In short, if the browser is able to run event callbacks while a page is unloading then in such cases it's much better to be using the sendBeacon() method. But in most cases it's better to send the data as soon as the visibilitychange event is fired because in many cases the browser is not able to run event callbacks as a page is unloaded, e.g. if the user closes a background tab or a browser app with multiple background tabs.

Sorry for the long explanation, hopefully that makes things more clear.


@tipiirai commented on Tue Sep 29 2020

Thanks for the explanation. It definitely sounds like visibilitychange would give us a better success rate. But I feel this is all speculation at this point and we need to make another round of tests with all the events in the mix.

I still think we should at least consider the fact that the sendBeacon call may also fail. The worst performing browsers on our data set seem to fail 99% of the time. For example, Chrome 73 on Linux failed 99.7% of the time with over 300k page loads sampled. Blaming it all on the failing unload event doesn't sound right. After all the unload handler has been in browsers for decades and the Beacon API is still labeled as "experimental technology".


@Krinkle commented on Tue Sep 29 2020

From the current revision (emphasis mine):

The navigator.sendBeacon() method asynchronously sends a small amount of data over HTTP to a web server. It’s intended to be used in combination with the visibilitychange event (but not with the unload and beforeunload events).

I think recommending visibilitychange and strongly discouraging use of unload is fine and would indeed help avoid developers from making this common mistake.

However, I think the current intro is emphasising this too much. It now sounds like sendBeacon() is exclusively designed for use with visibility-related tracking.

There is much broader range of statistics and beacon use cases that developers may need to send beacons for.
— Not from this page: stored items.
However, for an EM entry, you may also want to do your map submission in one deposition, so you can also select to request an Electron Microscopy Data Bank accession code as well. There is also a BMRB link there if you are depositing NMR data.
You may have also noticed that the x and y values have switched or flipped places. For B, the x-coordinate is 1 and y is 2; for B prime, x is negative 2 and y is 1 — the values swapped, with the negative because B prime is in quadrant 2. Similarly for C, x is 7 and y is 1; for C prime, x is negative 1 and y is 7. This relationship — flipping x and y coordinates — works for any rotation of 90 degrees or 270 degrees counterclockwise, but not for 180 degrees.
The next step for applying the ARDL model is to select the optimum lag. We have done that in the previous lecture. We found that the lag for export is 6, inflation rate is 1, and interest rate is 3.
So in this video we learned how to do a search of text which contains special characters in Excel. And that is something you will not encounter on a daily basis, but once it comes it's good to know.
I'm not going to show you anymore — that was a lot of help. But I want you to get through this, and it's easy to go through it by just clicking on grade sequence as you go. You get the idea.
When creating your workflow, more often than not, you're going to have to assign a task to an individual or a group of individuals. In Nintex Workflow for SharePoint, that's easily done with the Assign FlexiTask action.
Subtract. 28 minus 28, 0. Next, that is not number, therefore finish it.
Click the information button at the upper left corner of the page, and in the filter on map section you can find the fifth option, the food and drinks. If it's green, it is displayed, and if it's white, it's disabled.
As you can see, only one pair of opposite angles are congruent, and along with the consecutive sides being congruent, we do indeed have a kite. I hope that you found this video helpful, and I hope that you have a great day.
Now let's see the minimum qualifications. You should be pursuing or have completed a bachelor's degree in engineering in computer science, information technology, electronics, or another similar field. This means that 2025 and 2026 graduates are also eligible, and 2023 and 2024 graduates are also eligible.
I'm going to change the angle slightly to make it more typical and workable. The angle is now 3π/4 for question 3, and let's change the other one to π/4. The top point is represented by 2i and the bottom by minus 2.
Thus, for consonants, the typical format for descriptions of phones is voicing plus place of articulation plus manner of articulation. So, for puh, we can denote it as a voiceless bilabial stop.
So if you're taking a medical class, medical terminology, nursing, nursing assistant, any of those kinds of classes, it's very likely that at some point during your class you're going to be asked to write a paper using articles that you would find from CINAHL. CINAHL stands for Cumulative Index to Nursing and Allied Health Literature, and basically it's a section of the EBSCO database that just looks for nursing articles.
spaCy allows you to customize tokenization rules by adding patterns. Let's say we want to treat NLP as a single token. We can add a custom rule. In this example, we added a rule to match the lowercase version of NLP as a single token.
E.g. logging client-side errors, measuring feature-use (e.g. button click when opening a certain dialog), measuring success/failure paths (e.g. anonimised metadata associated with a user action, such as ajax-based saving of a comment on an issue tracker like this one), measuring performance timeline from the window-onload event, etc.

For all these, it is imho the current best practice for developers to use sendBeacon() for all the same performance and reliability reasons that make it appropiate for visibilitychange.
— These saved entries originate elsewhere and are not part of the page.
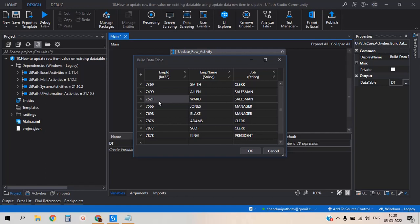I would like to give them a promotion. If we get any promotion, this person Ward got the promotion from salesman to manager. So I would like to update the value from salesman to manager. This is the scenario to achieve in this video.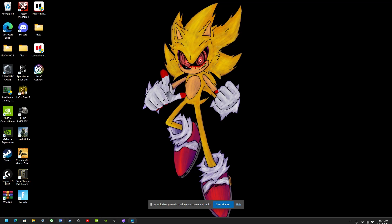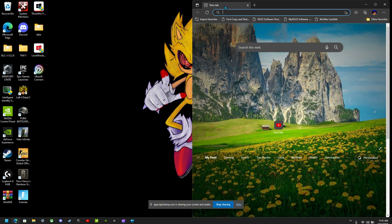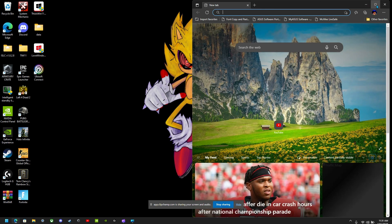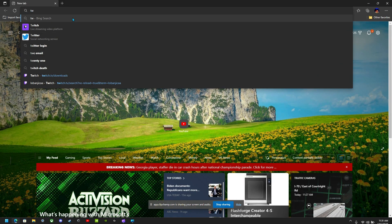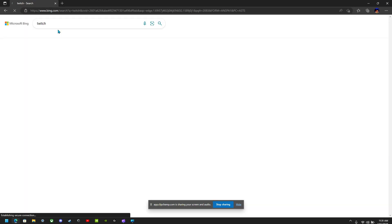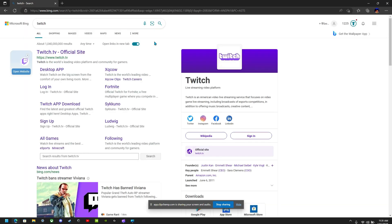Today I will be showing you how to download Twitch as an app on Windows 11. First, go to the Twitch website and then click the three dots on the top right of the page.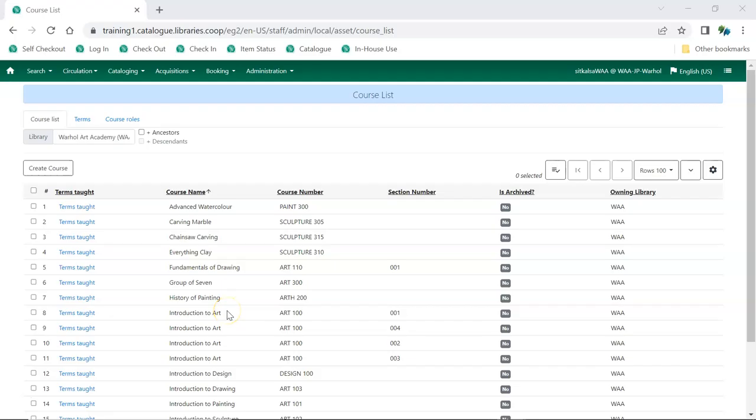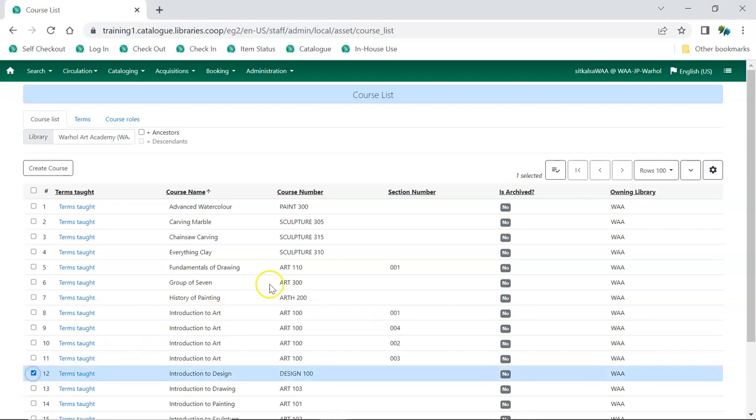From the Course List, select the course you'd like to add a term to. From the Actions menu, choose Edit Selected.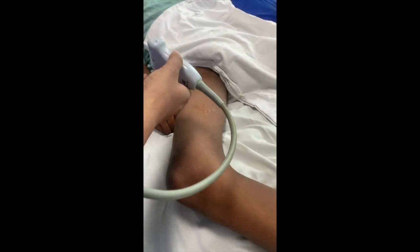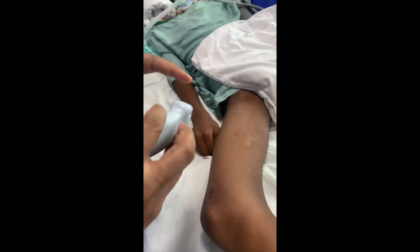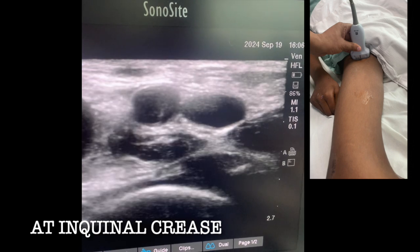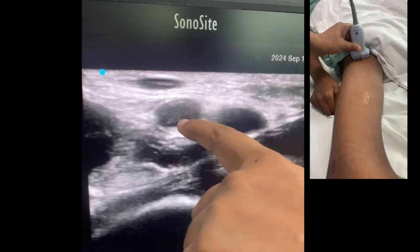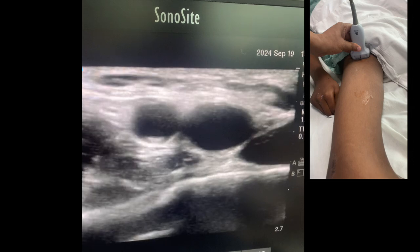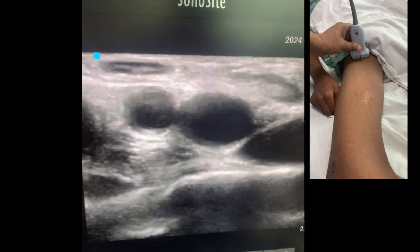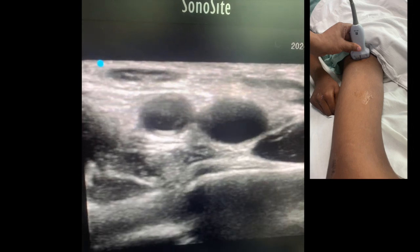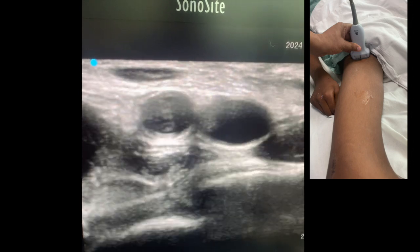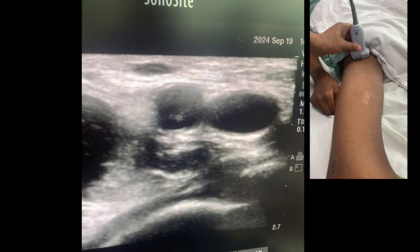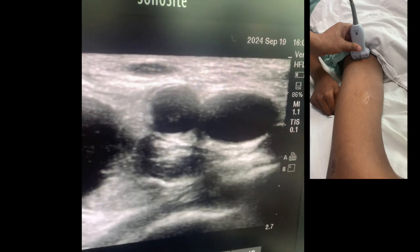I am going to start at the inguinal crease with my marker on the lateral side. Here you can see there is a pulsatile structure — this is the femoral artery — and one more structure adjacent to it is the femoral vein. To assess for thrombus in the common femoral vein, we compress the femoral vein and check whether the anterior and posterior walls are touching each other. Now I am pressing — you can see that the anterior and posterior walls of the femoral vein are touching each other, indicating there is no thrombus inside the common femoral vein.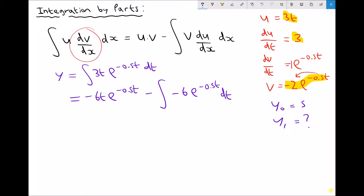So now we have something we can integrate. We can rewrite that line as minus 6t·e^(-0.5t) minus — well when we integrate minus 6·e^(-0.5t), the power of e remains the same, but we need to divide the original coefficient, which was minus 6, by the coefficient in the power, which is minus 0.5.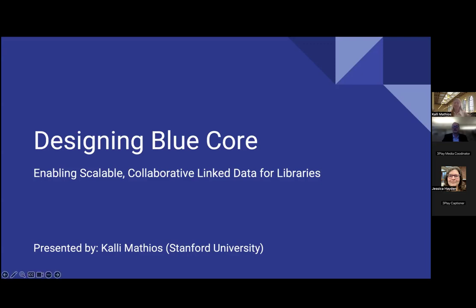I think things are stabilizing with our attendee numbers, so why don't we get started with this afternoon's presentation? My name is Timothy Ryan Mendenhall. I am one of the co-chairs of the conference and I'll be the Zoom host right now. I am at Columbia University in New York City. Today's presentation, Designing BlueCore: Enabling Scalable Collaborative Linked Data for Libraries, will be presented by Callie Matthews from Stanford University. Callie is the Linked Data Community Outreach Librarian at Stanford Libraries and the BlueCore Project Manager. With that, I'll hand it over to Callie.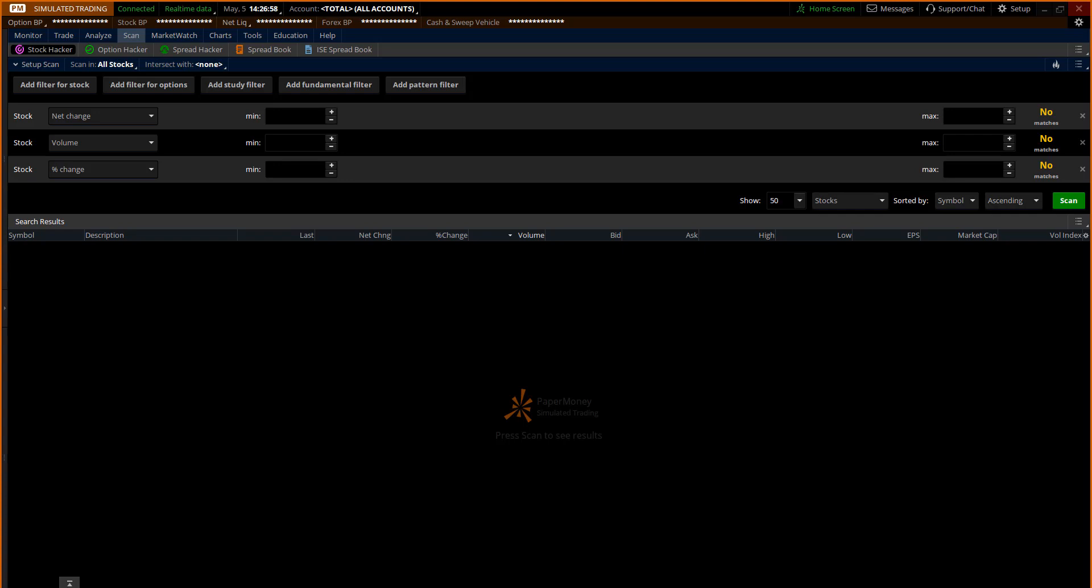Hey Trader, Coach T from TackleTrading.com here with a Thinkorswim tutorial on how to use the scan tab in the paper money in Thinkorswim.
Anecdotally – Some years ago at Wikipedia we briefly held a campaign to measure when attempts to contribute fail to complete. This was triggered on-click for an anchor link. Due to the termination of the browsing contexts upon page navigation, use of async XHR or image fetches was ineffective (this predated the Beacon API).

Likewise, for things like error logging, these could happen at any time during the browsing session, even when there is no unload in sight. Yet, I would argue it is still best practice to use sendBeacon() in that case so that it reduces impact on the main thread, and because even if the event being tracked isn't logically related to an upcoming unload, the user or user agent may of course at any time close the tab, in which case you wouldn't want those fetches to be aborted.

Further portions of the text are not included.